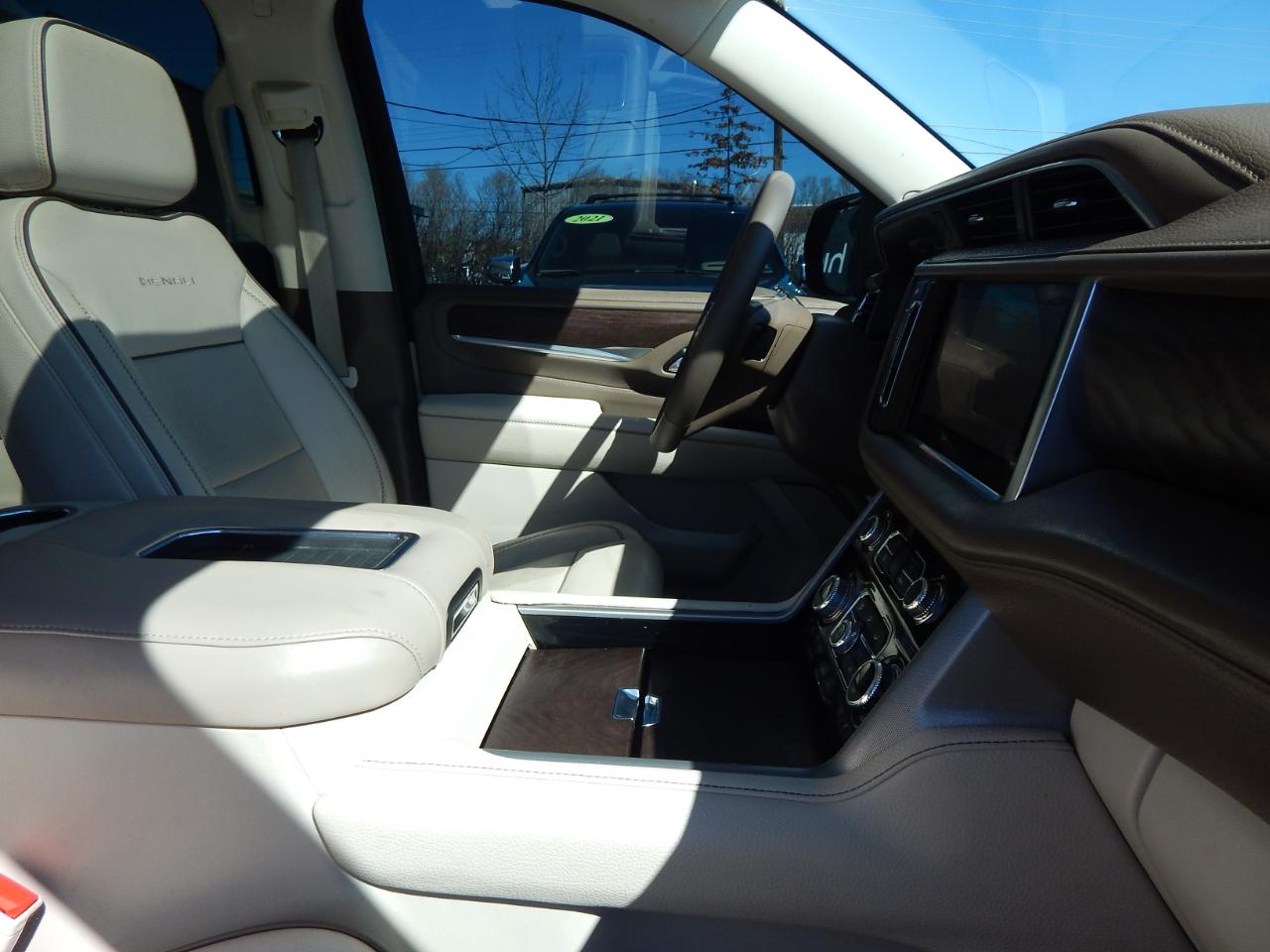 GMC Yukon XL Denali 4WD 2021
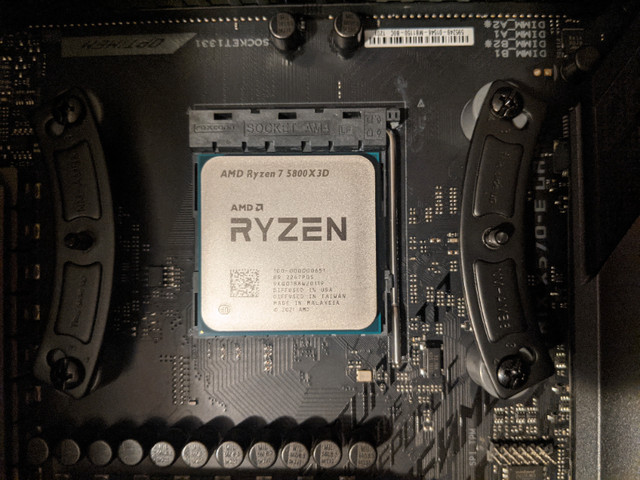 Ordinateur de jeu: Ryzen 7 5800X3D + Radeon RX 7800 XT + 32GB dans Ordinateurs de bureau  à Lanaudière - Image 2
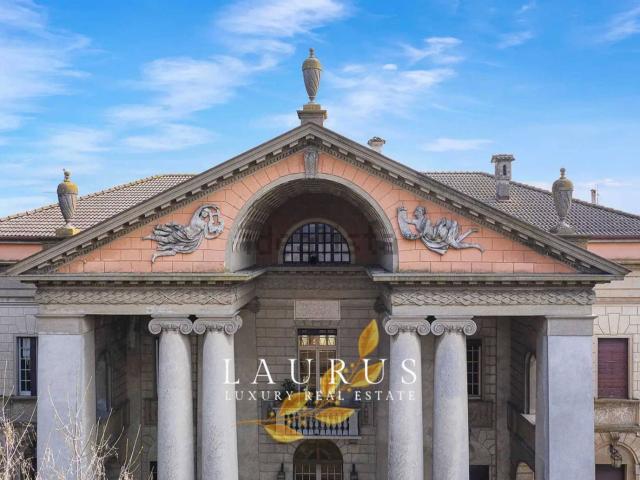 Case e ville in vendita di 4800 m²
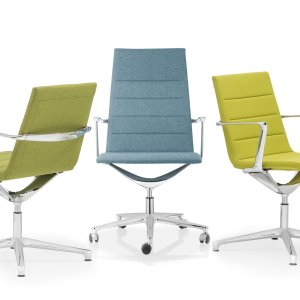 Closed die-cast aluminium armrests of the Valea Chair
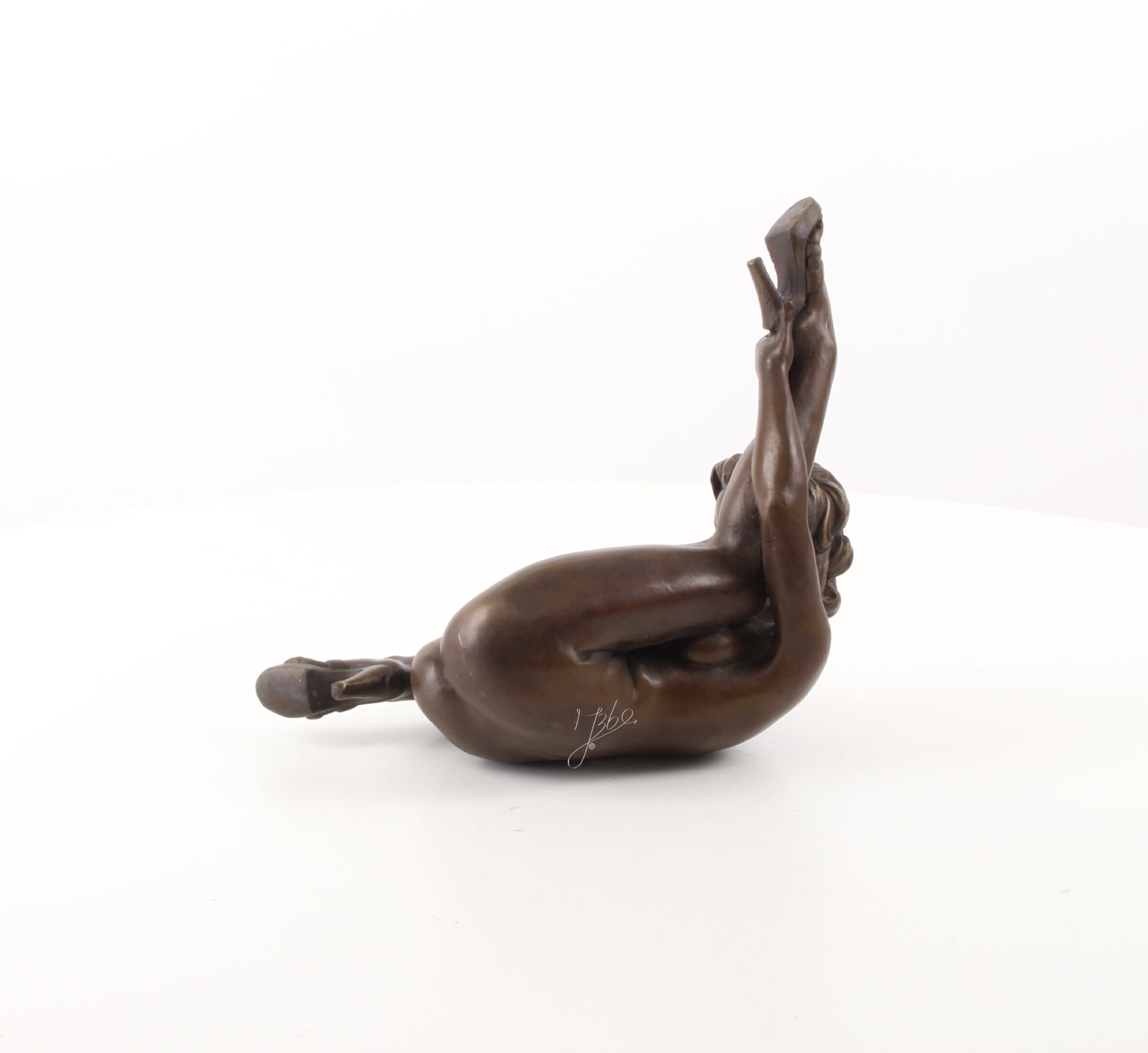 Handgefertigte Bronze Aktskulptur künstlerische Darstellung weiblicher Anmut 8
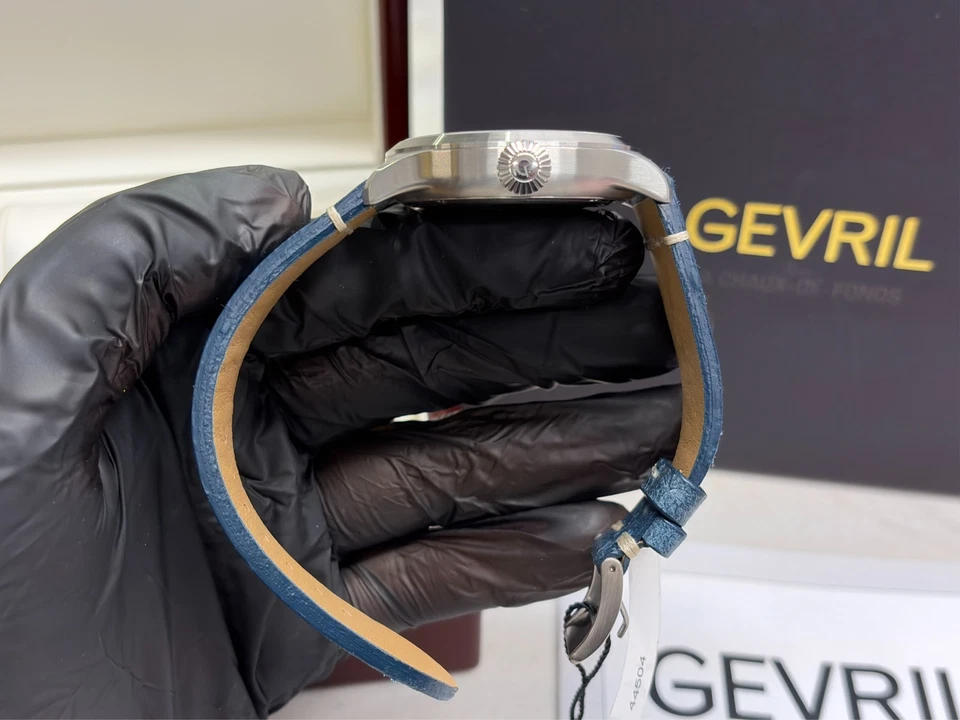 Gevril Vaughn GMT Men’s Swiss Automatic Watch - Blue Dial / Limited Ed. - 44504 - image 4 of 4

# # # #

Leaving out the pictures, please transcribe exactly the lines from the one that holds "Case e ville in vendita di 4800 m²" through the last line of the entries above, both included.

 Case e ville in vendita di 4800 m²
 Closed die-cast aluminium armrests of the Valea Chair
 Handgefertigte Bronze Aktskulptur künstlerische Darstellung weiblicher Anmut 8
 Gevril Vaughn GMT Men’s Swiss Automatic Watch - Blue Dial / Limited Ed. - 44504 - image 4 of 4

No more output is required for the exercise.